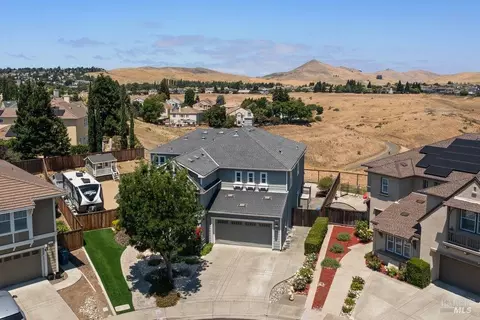 View/Area - 366 Silas Ct, Benicia, CA 94510 photo 2 of 9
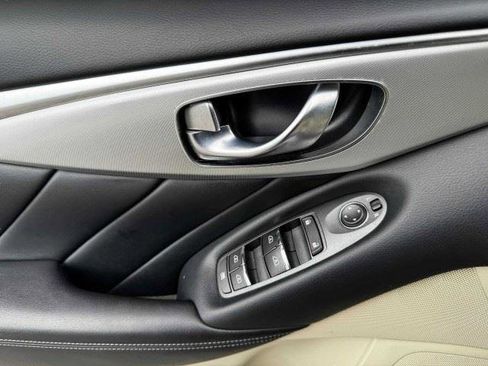 Used 2020 INFINITI Q50 Luxe w/ Essential Package (3.0T Luxe) RWD image 15
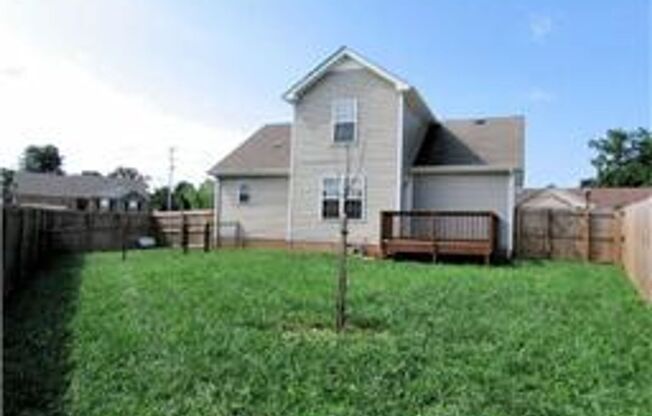 3 beds, 2 baths, $1,525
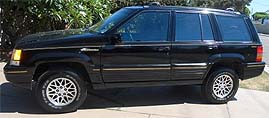 Suggested oil change belonging to 1993 GRAND CHEROKEE vehicle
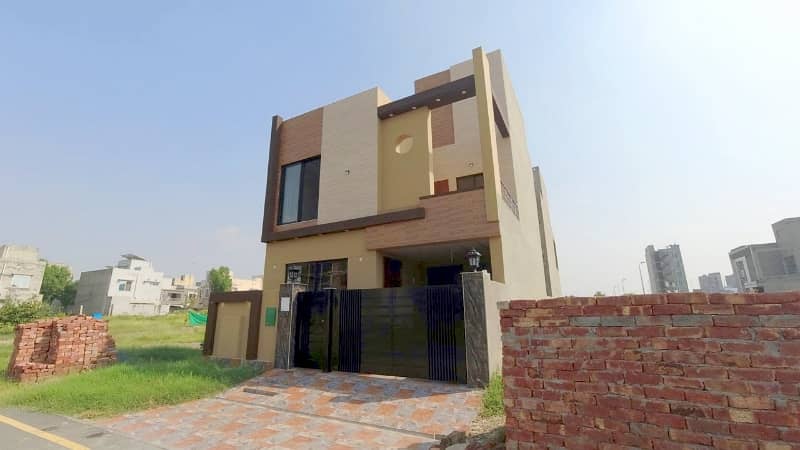 To sale You Can Find Spacious Prime Location House In OLC - Block A 1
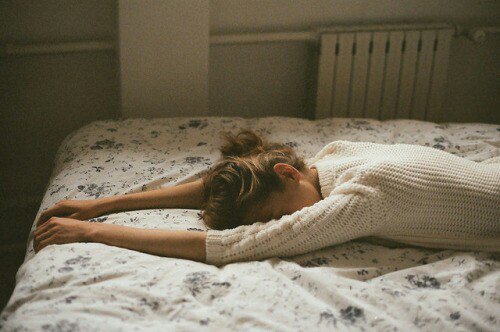 Op Bed Liggen Huilen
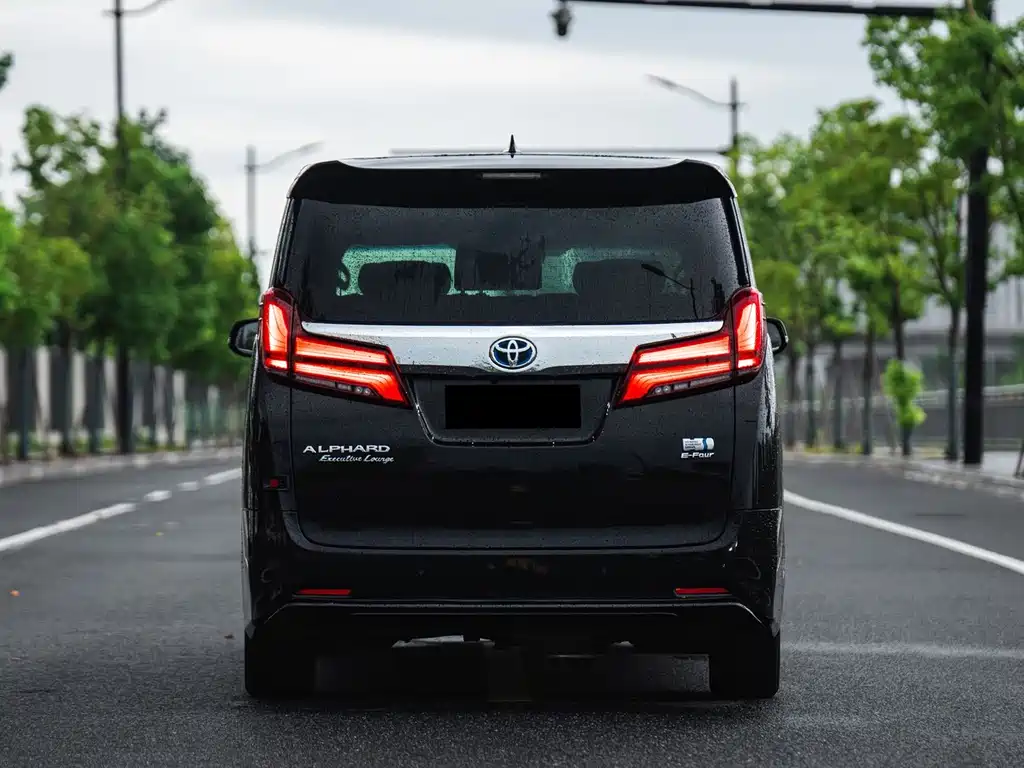 Toyota Alphard 2020 — фото 2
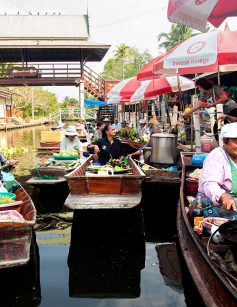 Floating market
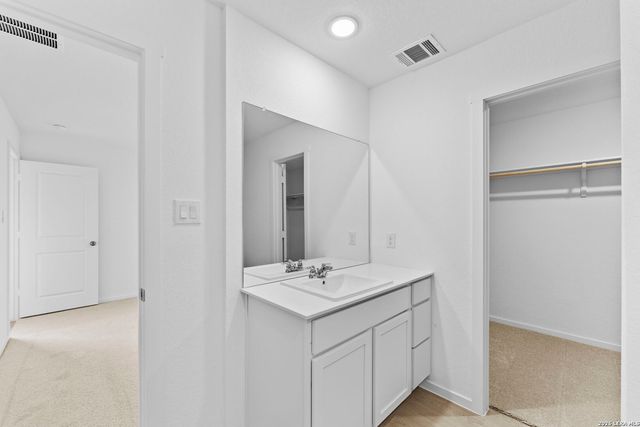 14915 Warwick Shire, San Antonio, TX 78254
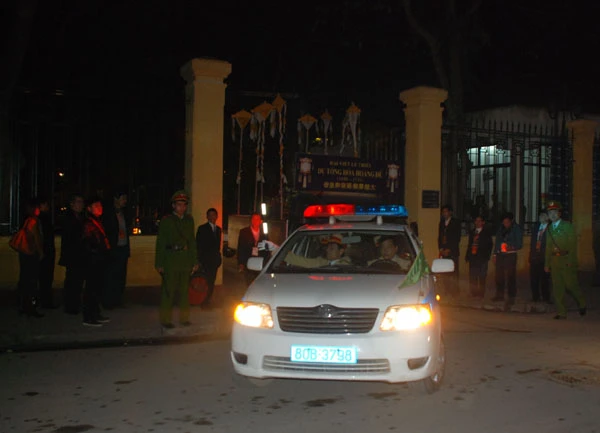 Trang nghiêm lễ hoàn táng vua Lê Dụ Tông ảnh 44 Trang nghiêm lễ hoàn táng vua Lê Dụ Tông ảnh 44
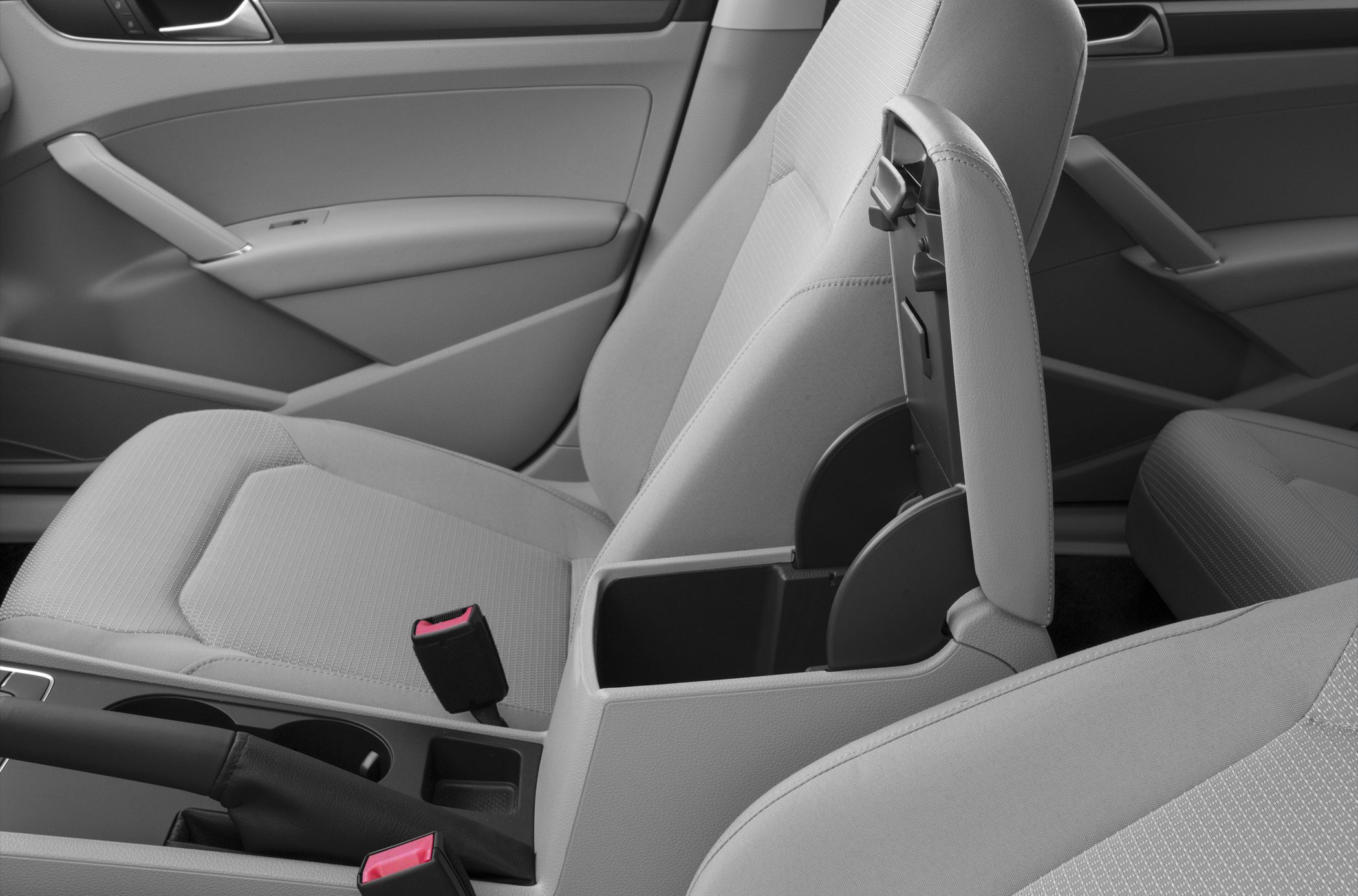 Center console storage compartment and car seats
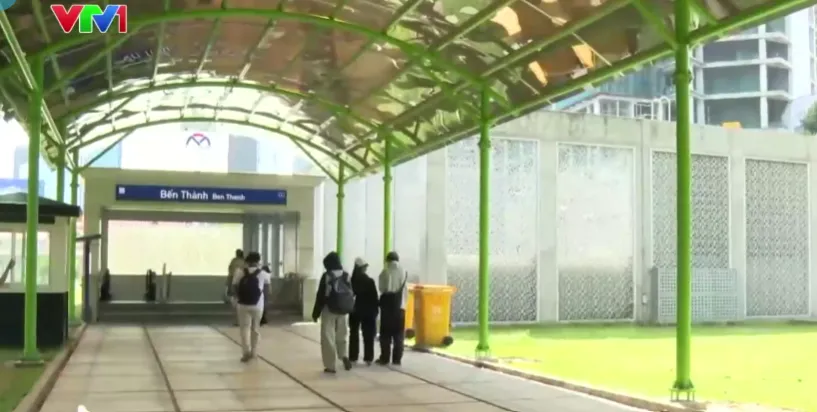 Thêm nhiều nhà chờ xe buýt kết nối với nhà ga metro - Ảnh 2.
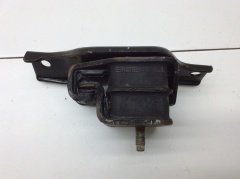 Подушка Опора двигателя правая 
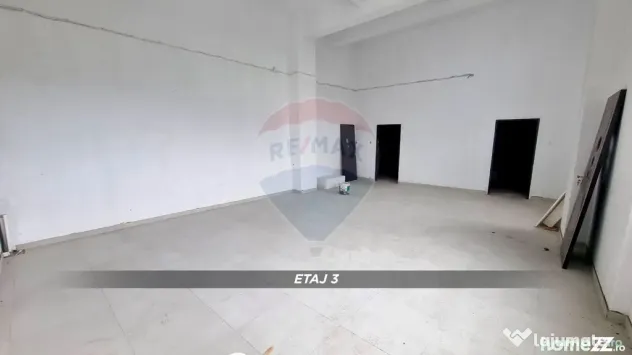 Clădire mixtă de vânzare, 1.055 MC, teren 350 mp str. ...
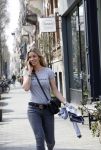 Amsterdam 11 april 2018
Christie Bokma bellend op straat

What you are asked to do
Your copy should consist solely of the lines from the line containing "ảnh 44 Trang" through the last line of the records above, reproduced exactly, with the pictures left out.

Solved problem
 Trang nghiêm lễ hoàn táng vua Lê Dụ Tông ảnh 44 Trang nghiêm lễ hoàn táng vua Lê Dụ Tông ảnh 44
 Center console storage compartment and car seats
 Thêm nhiều nhà chờ xe buýt kết nối với nhà ga metro - Ảnh 2.
 Подушка Опора двигателя правая 
 Clădire mixtă de vânzare, 1.055 MC, teren 350 mp str. ...
 Amsterdam 11 april 2018
Christie Bokma bellend op straat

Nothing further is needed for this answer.